- **Problem to solve**
Among the records below, find the line with "Flat semi-flat vector" and the line with "2025 POKEMON SVP". Set down both and every line between, exactly and with no pictures, but nothing else.
┄┄┄┄┄┄┄┄┄┄
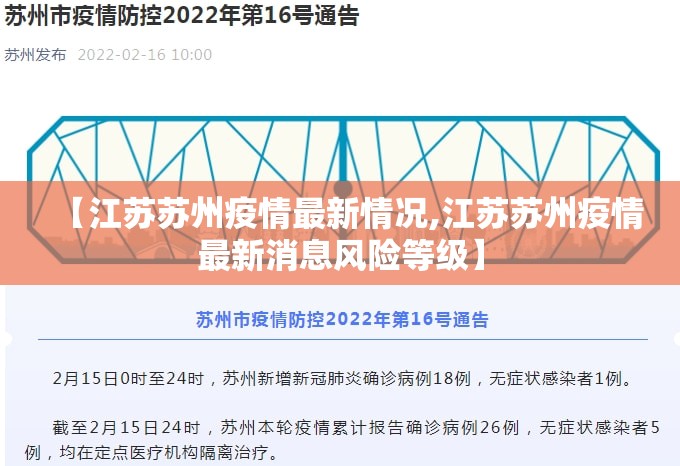 【江苏苏州疫情最新情况,江苏苏州疫情最新消息风险等级】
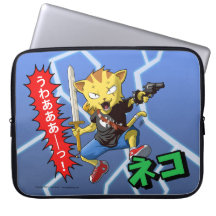 Cool Yellow Cat with Gun and Sword and thunder Laptop Computer Sleeves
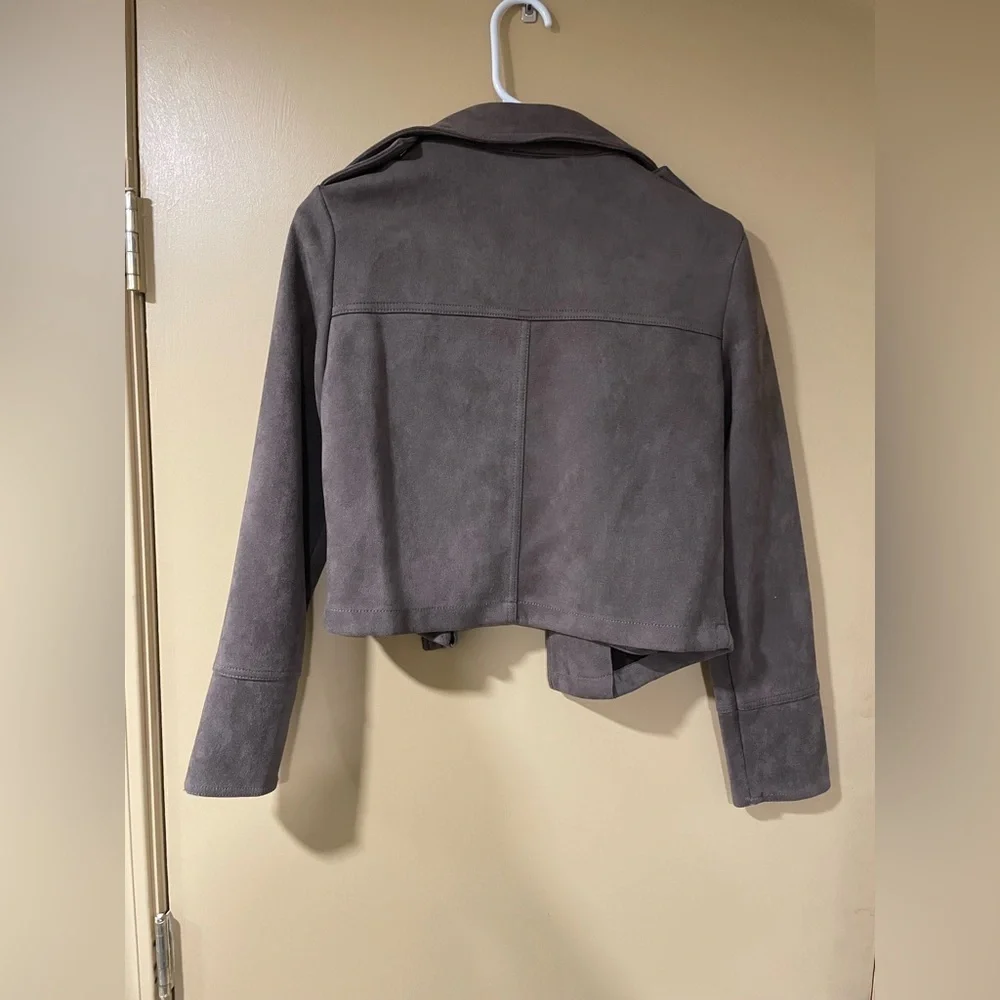 Philosophy Women's Brown Faux Leather Sueded Jacket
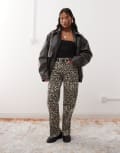 [Noisy May Petite] Noisy May Petite Marley wide leg jeans in zebra-Black W25 L28 BLACK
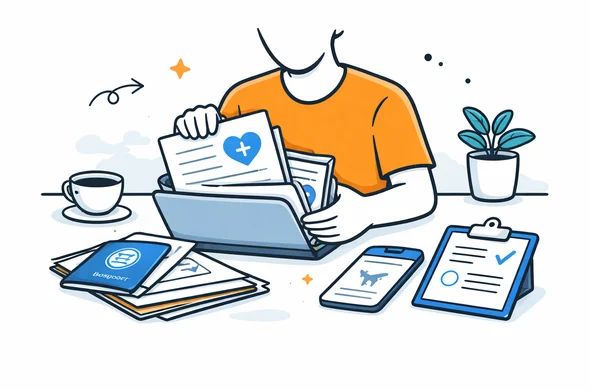 Flat semi-flat vector illustration, faceless abstract person organizing medical letters, passport and flight confirmations for urgent travel, calm organized workspace, minimal background, Aid-Air palette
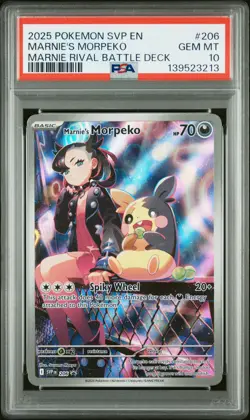 2025 POKEMON SVP EN-SV BLACK STAR PROMO #206 MARNIE'S MORPEKO PSA 10 - Image 1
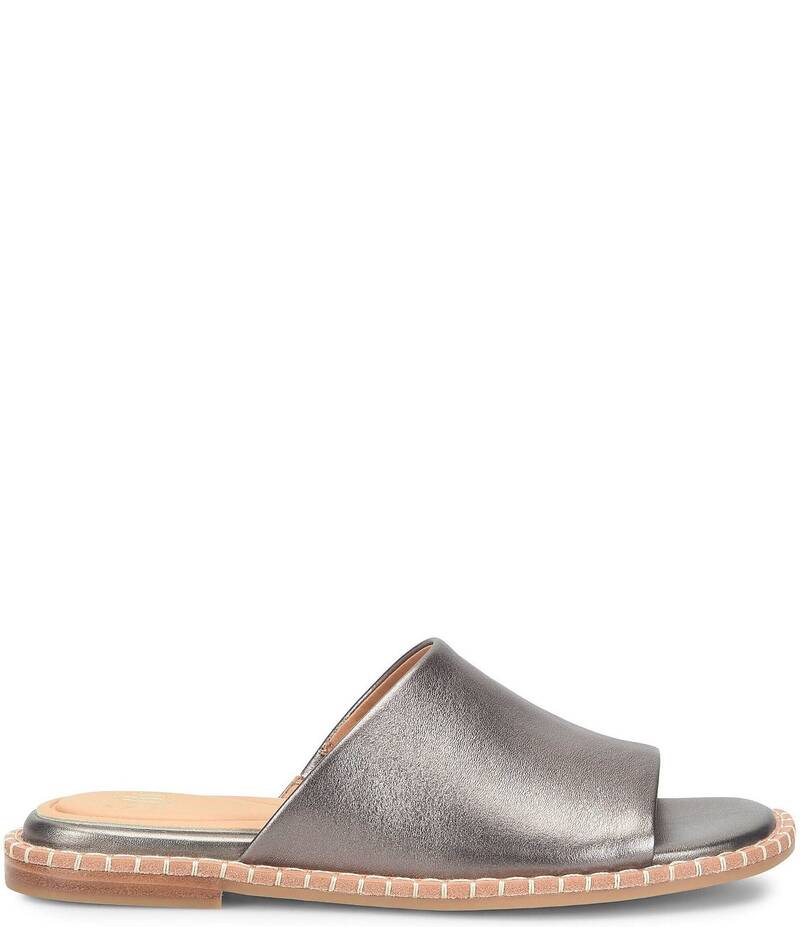 ソフト レディース シューズ パンプス レザー Sofft Noble II Leather Blanket Stitch Slides Dark Pewter ピューター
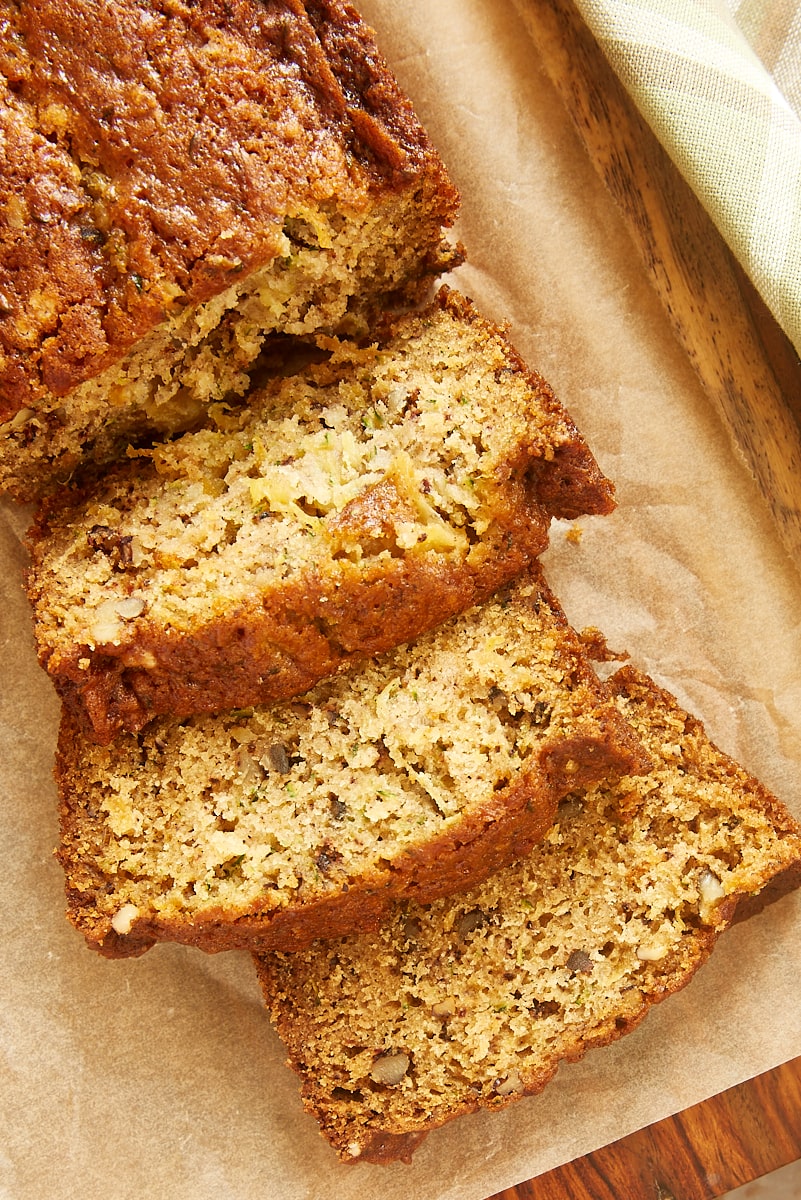 overhead view of sliced Pineapple Zucchini Bread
┄┄┄┄┄┄┄┄┄┄
- **Solution for this task**
 Flat semi-flat vector illustration, faceless abstract person organizing medical letters, passport and flight confirmations for urgent travel, calm organized workspace, minimal background, Aid-Air palette
 2025 POKEMON SVP EN-SV BLACK STAR PROMO #206 MARNIE'S MORPEKO PSA 10 - Image 1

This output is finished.